■ PROBLEM TO WORK ON: Could you write out, exactly as they stand, only the lines in the listing below from the line with "2016 Chevrolet Corvette" to the line with "JUNINHO MANELLA X", both ends included, without the pictures?

■ RECORDED INFORMATION:

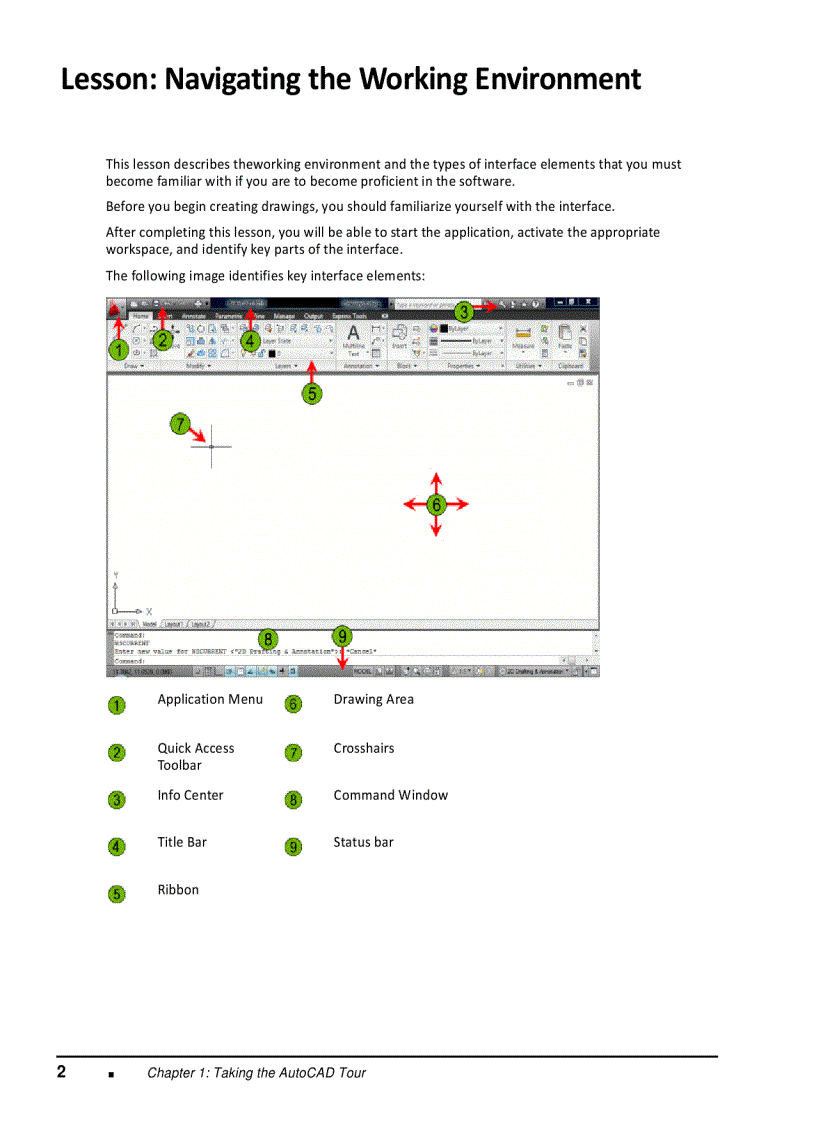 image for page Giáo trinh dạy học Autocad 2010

...

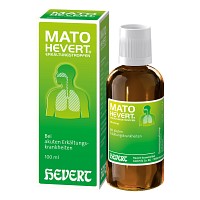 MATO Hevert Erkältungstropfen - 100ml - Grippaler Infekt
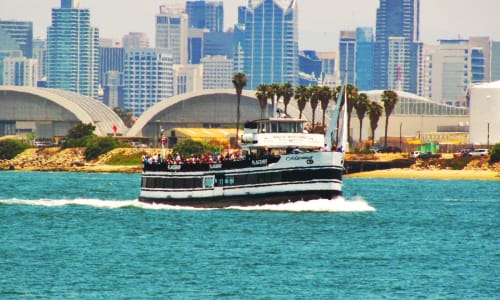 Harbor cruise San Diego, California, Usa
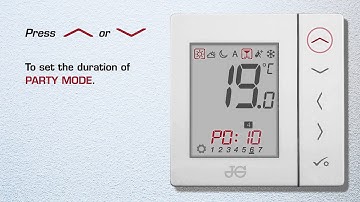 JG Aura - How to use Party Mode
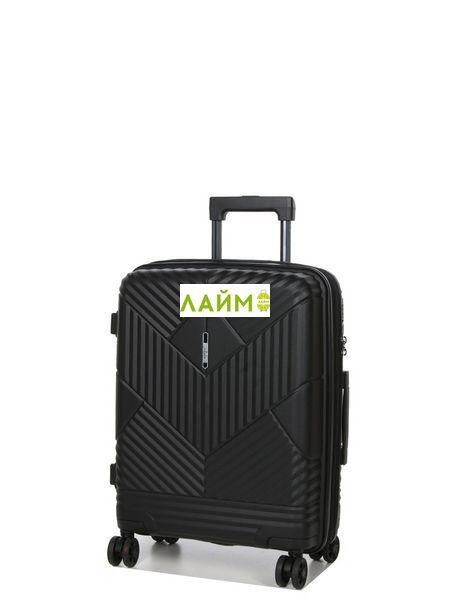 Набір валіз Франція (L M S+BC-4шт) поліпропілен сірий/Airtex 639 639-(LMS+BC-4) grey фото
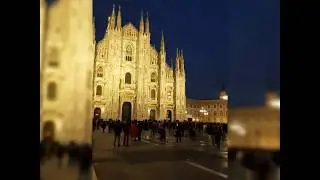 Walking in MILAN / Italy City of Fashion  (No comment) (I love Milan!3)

==

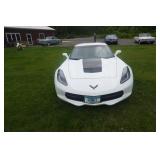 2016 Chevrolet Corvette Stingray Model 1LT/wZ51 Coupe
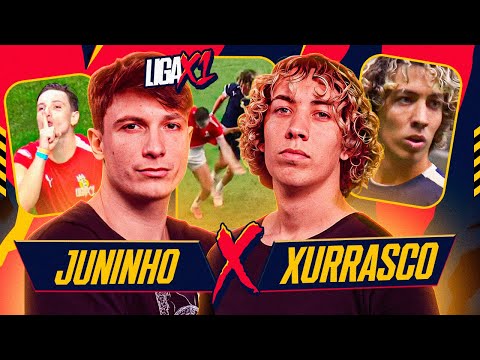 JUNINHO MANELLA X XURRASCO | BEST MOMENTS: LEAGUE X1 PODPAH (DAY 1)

■ SOLUTION TO THIS TASK:
 2016 Chevrolet Corvette Stingray Model 1LT/wZ51 Coupe
 JUNINHO MANELLA X XURRASCO | BEST MOMENTS: LEAGUE X1 PODPAH (DAY 1)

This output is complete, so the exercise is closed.